«Как и советский НКВД, — замечает автор “Кровавых земель”, — немецкая полиция осуществляла организованные поквартальные облавы в 1937 и 1938 гг., стремясь выполнить план по определённым группам населения. В своём страстном желании доказать лояльность и впечатлить руководителей она тоже часто перевыполняла такие планы».
«Как коллективизация», «как советский НКВД» — Снайдер занудно твердит такие сравнения, явно пытаясь представить два этих феномена одинаковыми по существу. Он будто хочет сказать, что, раз кит имеет плавники и живёт в воде, то едва ли читателя можно осудить за уверенность в том, что кит — рыба.
Как заметил историк Томас Кюне, Снайдер без стеснения пишет в русле традиции «жизнь замечательных людей». В его подаче Гитлер и Сталин представляются колоссами, которые никогда не приходят в замешательство, не ошибаются и всегда точно знают, что делают. Так, Гитлер «намеревался использовать Советский Союз для решения своей британской проблемы», он «знал» об экономическом значении Украины и т. д., в то время как Сталин «умышленно» устраивал голод на Украине, «решил убить миллионы людей» и участвовал в «хорошо продуманном массовом убийстве».
Конечно, Снайдер допускает, что Сталин мог ошибиться в своём доверии обещаниям Гитлера о мире в 1941 г. Но всё-таки он изображается тактическим гением. Как пишет Снайдер, Сталин воспользовался «государственным насилием в нацистской Германии» для того, чтобы поднять престиж Советского Союза; усиление фашизма он использовал для отвлечения внимания от собственных преступлений, а в августе 1939 г. искусно применил новый пакт о ненападении с Германией для того, чтобы сдержать продвижение Японии на Дальнем Востоке.
Снайдер, раздувая образ двух супертиранов, недооценивает общественные силы, стоявшие за ними, и оправдывает других политических деятелей.

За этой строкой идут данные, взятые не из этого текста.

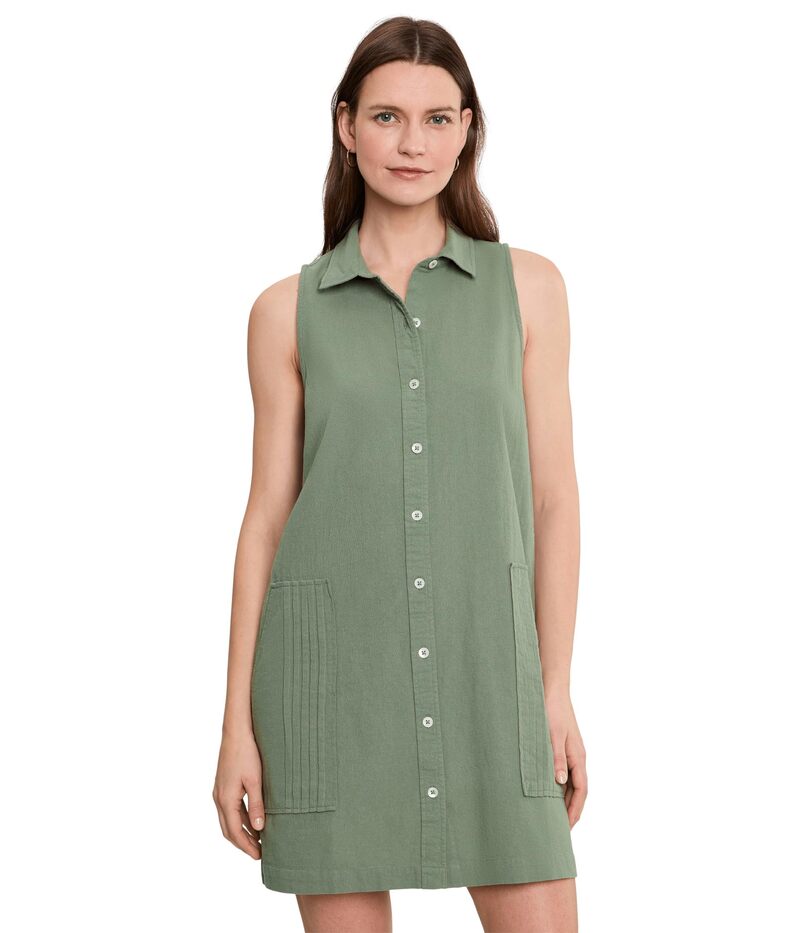リラピー レディース トップス 衣装 ノースリーブ Lilla P Sleeveless Pleat Pocket Dressage サルヴィア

Если ответственны только Гитлер и Сталин, то остальные — нет; насилие представляется не как нечто, возникшее на самой территории, но как привнесённое извне. «В Восточной Европе, — пишет Снайдер, — сложно найти примеры политического коллаборационизма с немцами, не вызванного последствиями советского правления». Другими словами, если поляки, прибалты и украинцы сразу же после немецкого вторжения оказались вовлечены в еврейские погромы, вина лежит не на них, а на коммунистах.
Однако любой, кто хотя бы отдалённо знаком с историей Восточной Европы, знает о богатой истории антисемитизма в этом регионе. Снайдер симпатизирует «главному сопернику» Юзефа Пилсудского, польскому националисту Роману Дмовскому, отстоявшему независимость Польши на послевоенном Версальском конгрессе, — но при этом забывает упомянуть о его лютом антисемитизме и отметить время его возникновения. «Если бы всё общество поддалось [еврейскому] влиянию, мы бы попросту утратили способность к общественной жизни», — писал Дмовский в 1913 г.: это явное свидетельство того, что польский антисемитизм не следовал по пятам за большевистской революцией четырьмя годами позднее.